Curtis Sliwa may be New York City’s only hope for a real people’s mayor, but his campaign is also setting the standard for authentic populism nationwide. Every 2022 and 2024 Republican hopeful should pay close attention to his campaign in the effort to take back America.
Don’t sleep in on New York’s mayoral Election Days, especially the June 22 primary. The two-man race on the Republican side features Sliwa—and that’s the only name that matters.
Several important lessons can be drawn from Sliwa’s campaign even before a single vote is cast, because he’s polling well among a key demographic that overwhelmingly supported 2016 presidential candidate Donald Trump.
If Republican candidates in 2022 and 2024 think they can just ride a populist wave to victory on bumper sticker slogans like “Make America Great Again” or “America First,” they’re wrong. Hollow populism will backfire just as it did in Georgia’s U.S. Senate elections earlier this year.
But having the correct positions isn’t always enough, either. The candidate himself matters just as much. Not only must he be an outsider, but it’s also essential for his communication style to break through the gatekeepers in the press and social media.
Sliwa is best known for founding the Guardian Angels in 1979, an effort that grew out of his precursor project, the anti-gang Magnificent 13. He still personifies the Angels, which has since gone international, but while his star power has risen as a radio talker, he’s still a man of the streets and the subway.
Outsider? Check. But can he also bypass and short-circuit the media’s control over narrative in order to reach the people directly? Just watch him.
Is Sliwa starting to remind you of his fellow New Yorker, Donald Trump? There are clear differences between the two, but both show that running in a Republican Party primary does not necessarily mean running as a conventional Republican.
It’s worth knowing more about Sliwa and how his approach pertains to authentic populism.
Sliwa’s mayoral campaign rests upon his record of genuine public service, not a career in politics. His message is not new but it’s credible. His battle-ready stances against corruption, elitism, rampant crime, and overall social decay have people clamoring.
Sliwa got his jaw broken last summer by rioting and looting leftists, so he literally can feel the pain so many business owners and other law-abiding Americans are feeling. Dig a little deeper into his past, and you will find he rescued people from a burning building while on a paper delivery route at age 16.
Leading by example and keeping skin in the game are qualities that are naturally rooted in true patriots—not utopian, woke leftists. For this reason, it should be all the more embarrassing to Republican voters that the Democrats compete so closely for the mantles of populism with standouts like Bernie Sanders and AOC, who are as inauthentic as anyone could be.
Whether it’s a race for mayor or U.S. senator, the leading themes or issues on a populist campaign inevitably will be at least a few of the following: anti-corruption, quality of life, fostering community, and of course economic reform. These all usually go hand-in-hand.
Sliwa kicked off his campaign promising to close down and investigate ThriveNYC, the $1 billion mental-health initiative directed by Chirlane McCray, the incumbent mayor’s wife.

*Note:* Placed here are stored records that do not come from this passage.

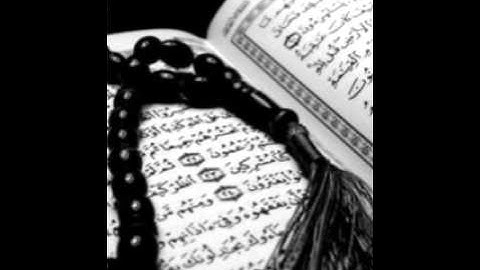 ياسر الدوسري سورة القلم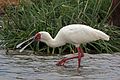 Espátula africana (Platalea alba)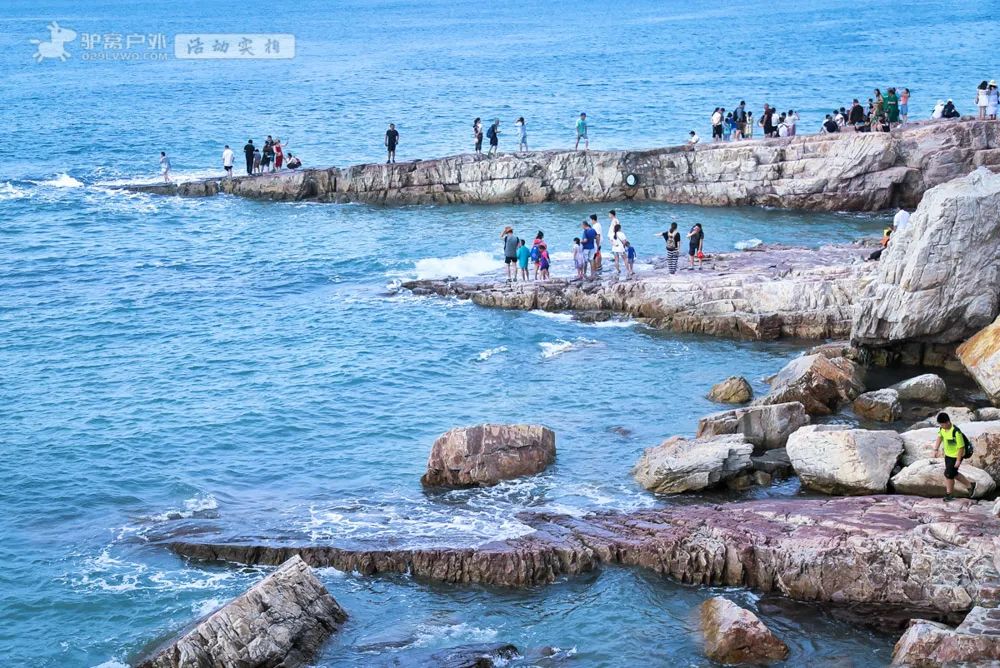 海上情迷(海上情迷下载)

Where has all the people’s money gone? It’s a scandal in a city with infrastructure overrun by homelessness and violence.
Sliwa is a regular subway rider, so he notices the unmentionable horrors that undermine New Yorkers’ quality of life every day. COVID-19 is not to blame for the subway being near empty, as Sliwa likes to point out while refusing to be muzzled by the mask mandate.
Returning power to the people and giving communities a chance to make a comeback are other notable aspects of Sliwa’s campaign. One of his priorities is to ban kill shelters for the city’s unowned dogs and cats. He keeps 15 cats at his apartment, so again, he leads by example.
He plans to visit every police precinct to shake the hands of every law enforcement officer, as morale is very low following the “defund the police” movement. He would re-fund the police by removing the property tax loopholes for institutions like Columbia University and New York University, which use their wealth to undermine the city with their proliferation of leftist agendas.
Schools, including charters, will be incentivized to provide more vocational training to meet the labor demands of the modern economy. He would bring back bail, empowering judges so that criminals aren’t so recklessly released.
Sliwa loves good old-fashioned fun, too. The city’s nightlife will be protected, so that the clubs, bars, theaters, and concert halls have no worry of forced closure.
The New York Young Republican Club endorsed Sliwa for all that and for his “classic, New Yorker chutzpah.” America needs more chutzpah too, grounded in love for this country and its people, its families, and communities. If the GOP learns enough from Sliwa, the populist revival has great promise in 2022 and 2024.